### EXTRACTED RECORDS
[Start of section]
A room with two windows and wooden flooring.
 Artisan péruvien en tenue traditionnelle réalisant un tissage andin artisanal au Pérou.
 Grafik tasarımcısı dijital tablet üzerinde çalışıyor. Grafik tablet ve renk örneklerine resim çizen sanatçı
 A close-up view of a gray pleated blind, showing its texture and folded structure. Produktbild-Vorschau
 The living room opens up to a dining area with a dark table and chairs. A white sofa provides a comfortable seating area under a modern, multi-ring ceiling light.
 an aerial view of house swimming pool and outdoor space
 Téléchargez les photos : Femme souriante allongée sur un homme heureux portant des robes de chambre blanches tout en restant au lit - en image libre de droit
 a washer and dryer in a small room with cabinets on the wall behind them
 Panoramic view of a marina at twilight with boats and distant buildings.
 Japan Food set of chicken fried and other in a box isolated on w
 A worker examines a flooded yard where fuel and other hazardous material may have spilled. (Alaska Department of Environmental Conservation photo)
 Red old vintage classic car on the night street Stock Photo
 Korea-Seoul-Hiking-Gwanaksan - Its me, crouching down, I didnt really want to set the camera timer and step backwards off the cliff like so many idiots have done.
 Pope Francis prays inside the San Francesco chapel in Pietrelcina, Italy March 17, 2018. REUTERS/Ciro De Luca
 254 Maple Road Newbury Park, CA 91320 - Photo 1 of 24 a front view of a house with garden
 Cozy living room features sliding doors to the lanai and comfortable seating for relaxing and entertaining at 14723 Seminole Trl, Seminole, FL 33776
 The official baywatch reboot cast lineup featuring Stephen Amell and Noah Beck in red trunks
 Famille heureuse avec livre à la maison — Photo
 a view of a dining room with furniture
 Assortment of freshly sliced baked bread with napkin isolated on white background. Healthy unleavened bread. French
[End of section]
### WORK TO BE COMPLETED
One stretch of the lines above is wanted, from the line that contains "Artisan péruvien en" through the line that contains "a view of a dining room with furniture". Output it exactly.

### SOLUTION FOR THIS TASK
 Artisan péruvien en tenue traditionnelle réalisant un tissage andin artisanal au Pérou.
 Grafik tasarımcısı dijital tablet üzerinde çalışıyor. Grafik tablet ve renk örneklerine resim çizen sanatçı
 A close-up view of a gray pleated blind, showing its texture and folded structure. Produktbild-Vorschau
 The living room opens up to a dining area with a dark table and chairs. A white sofa provides a comfortable seating area under a modern, multi-ring ceiling light.
 an aerial view of house swimming pool and outdoor space
 Téléchargez les photos : Femme souriante allongée sur un homme heureux portant des robes de chambre blanches tout en restant au lit - en image libre de droit
 a washer and dryer in a small room with cabinets on the wall behind them
 Panoramic view of a marina at twilight with boats and distant buildings.
 Japan Food set of chicken fried and other in a box isolated on w
 A worker examines a flooded yard where fuel and other hazardous material may have spilled. (Alaska Department of Environmental Conservation photo)
 Red old vintage classic car on the night street Stock Photo
 Korea-Seoul-Hiking-Gwanaksan - Its me, crouching down, I didnt really want to set the camera timer and step backwards off the cliff like so many idiots have done.
 Pope Francis prays inside the San Francesco chapel in Pietrelcina, Italy March 17, 2018. REUTERS/Ciro De Luca
 254 Maple Road Newbury Park, CA 91320 - Photo 1 of 24 a front view of a house with garden
 Cozy living room features sliding doors to the lanai and comfortable seating for relaxing and entertaining at 14723 Seminole Trl, Seminole, FL 33776
 The official baywatch reboot cast lineup featuring Stephen Amell and Noah Beck in red trunks
 Famille heureuse avec livre à la maison — Photo
 a view of a dining room with furniture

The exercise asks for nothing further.